Robertson says he no longer works with Robinson or wishes to and that the last time he heard from him was in July via a text message just before Robinson went to prison. 

“When you’re a supporter of Tommy there’s ‘good’ which is you, your white neighbours and your cul-de-sac and then there’s ‘evil’ which is feminists, Muslims, brown people and people who want to see the destruction of your society and that is something that can be really easily believed by the most reasonable of people – police officers, civil servants, people in marketing. So many people I’ve met along my journey would sympathise with those ideas and the content we created because it’s propaganda,” he says.

“It’s not really about Tommy. Tommy is a result of very good PR and marketing and advertising methods and it could be applied to anyone else on the right and he could be replicated in a million ways. [Don’t] focus your energies on him, but focus your energy on how information can be used and spread.”

Stephen Yaxley-Lennon is due to be released from prison at the end of September 2019, having been sentenced to nine months at the Old Bailey in July for contempt of court. Having begun his video journey targeting journalists, he ended it by wearing a t-shirt declaring ‘Convicted of Journalism’ to his sentencing.

His former producer, and the man who made ‘Tommy Robinson’ rich and internationally known, believes Robinson’s reputation has been “decimated”.

“The PR work was incredibly successful and it absolutely was the reason that he was famous again and palpable because we masked the reality of his support base and the reality of the far-right, which is the street,” Robertson says. “We never did anything on the street. Don’t go out on the street. Don’t go to protests. Don’t hold an event. Don’t go to prison. Then no one will see what your supporters are like and then we can say we have supporters of all races and all backgrounds. So, when he went to prison, people will see the reality.”

Robertson still thinks ‘Tommy Robinson’ is dangerous.

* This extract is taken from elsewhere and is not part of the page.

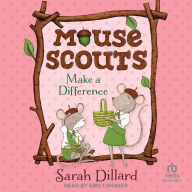 Title: Mouse Scouts: Make a Difference, Author: Sarah Dillard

“I wanted to take him away from being a political figure, arguing with the left and the right, and take him into mainstream culture”

Caolan Robertson

“Absolutely, Tommy contributed to an increase in hate crime and violence in Britain,” he says, pointing to Darren Osborne, a right-wing terrorist who mowed down worshippers at London’s Finsbury Park Mosque in June 2017 killing one, Makram Ali, and leaving 12 injured. The judge who sentenced Osborne to life imprisonment said he had been “rapidly radicalised over the internet” and by Robinson’s output. 

“Things like the Darren Osborne attack and the El Paso shooting recently were inspired by people like Tommy and his rhetoric and Donald Trump’s rhetoric and a lot more emphasis should be put on people like that and that sort of thing,” Robertson says. “Newspapers should have more balls in calling that out, they’re terrified of talking about the far-right and want to call them the reactionary right. There should be more courage.”

CLARIFICATION: This article was amended on 22 August 2019 to clarify that Caolan Robertson says he believed that ‘Tommy Robinson’ did not have a far-reaching and diverse online presence and that this was not being monetised, before they met.